Cuentos de Brujas
La anciana del camino
Mariano se sorprendió un poco cuando las luces de su vehículo iluminaron a una anciana que recorría a pie el camino. Se notaba que era una anciana por la figura y por el andar. Caminaba sumamente lento, medio encorvada. Se hizo a un lado del camino y, defendiendo sus ojos de la luz del vehículo con una mano temblorosa, extendió el otro brazo, claramente pidiendo un aventón.
Mariano dudó. Aquel punto estaba a muchos kilómetros de la casa más cercana, ¿cómo había llegado aquella anciana hasta allí? Caminando no podía ser, y si alguien la había arrimado en algún coche, ¿por qué la habían dejado allí, en medio de la nada, a esa hora de la noche? Pero al pensar en seguir de largo, en dejar a una anciana en aquella soledad sólo por desconfianza, se sintió algo avergonzado y frenó, y como ya la había pasado retrocedió un poco. Se estiró para abrir la puerta y la invitó a subir, e inventó una excusa poco creíble para justificar que no se había detenido frente a ella:
- Buenas noches, señora. Suba. Iba distraído y la noté medio tarde.
- Buenas noches, joven. Le agradezco que parara -dijo la anciana con una voz que sonó bastante extraña, pero Mariano se lo atribuyó a su avanzada edad, algo que era evidente.
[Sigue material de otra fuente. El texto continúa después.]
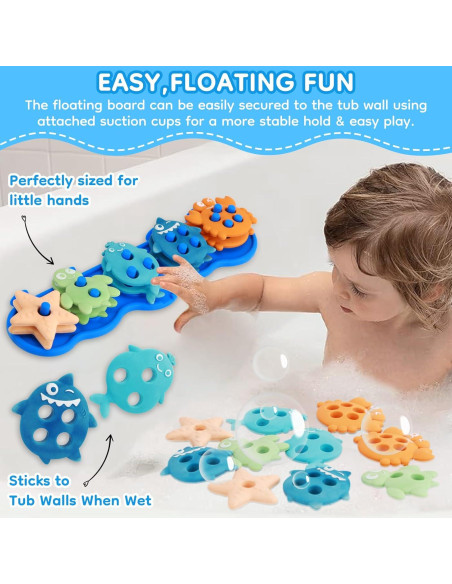 Juguetes de Baño de Silicona Ebukur para Bebés 10 Piezas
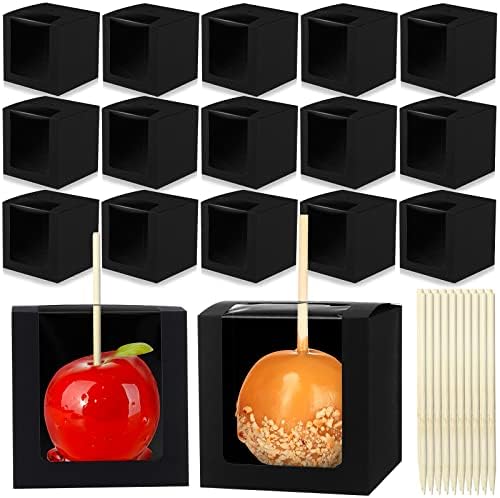 Yahenda 60 Pcs Kraft Candy Apple Boxes with Hole and Stick 4" x 4" x 4" Candied Apple Cake Cookies Chocolate Gift Boxes with Clear Window Caramel Apple Boxes for Wedding Baby Shower Party (Black) by Yahenda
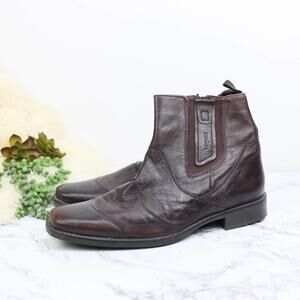 Bugatti Brown Leather Chelsea Boots Size Zip Closure Square Toe SIZE 45 EU/12 US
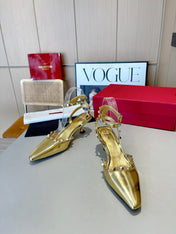ROCKSTUD CAGED SLINGBACKS 5 CM IN GOLD CALFSKIN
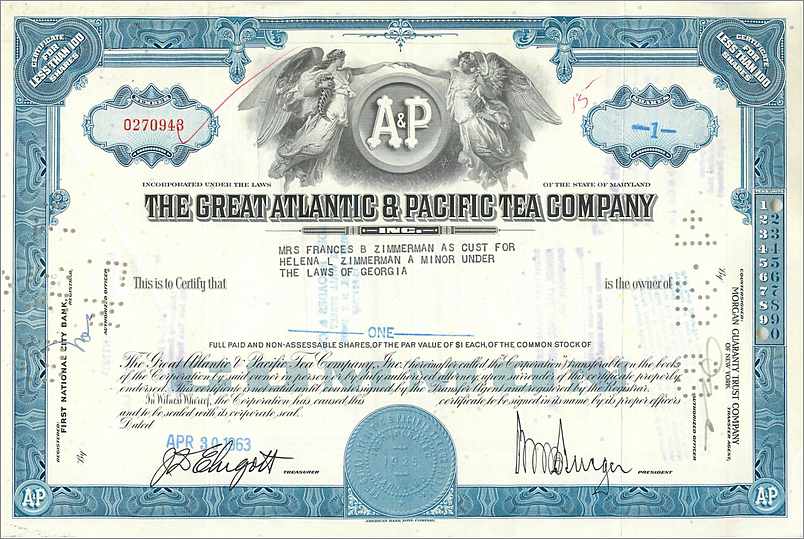 Certificat de parts de la Great Atlantic & Pacific Tea Company — Mrs. Frances B. Zimmerman en qualité de tutrice de Helena L. Zimmerman, minor, pour 1 action — éditeur First National City Bank, n° 0270948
Subió con aparente dificultad, pero al cerrar la puerta dio un portazo fuerte, enérgico, y al darse cuenta que fue excesivo se excusó:
- Creí que había que golpearla fuerte, como a los autos de antes.
- Bueno, nunca está de más, es peor que quede mal cerrada -comentó Mariano, y observó a la anciana de reojo. ¿De dónde había sacado tanta fuerza aquella vieja? Después de un rato de marcha le preguntó:
- ¿A dónde va, señora?
- A donde quiero. Dígame usted, ¿siempre levanta extraños en los caminos? Puede ser peligroso.
- Claro que es peligroso, normalmente no lo hago, pero como usted es una persona de avanzada edad…
- ¿Cree que no soy peligrosa por ser una vieja? -la vieja hizo la pregunta con un tono desafiante.
- No quise ofenderla, señora. Quise decir que no parece ser un asaltante o algo así.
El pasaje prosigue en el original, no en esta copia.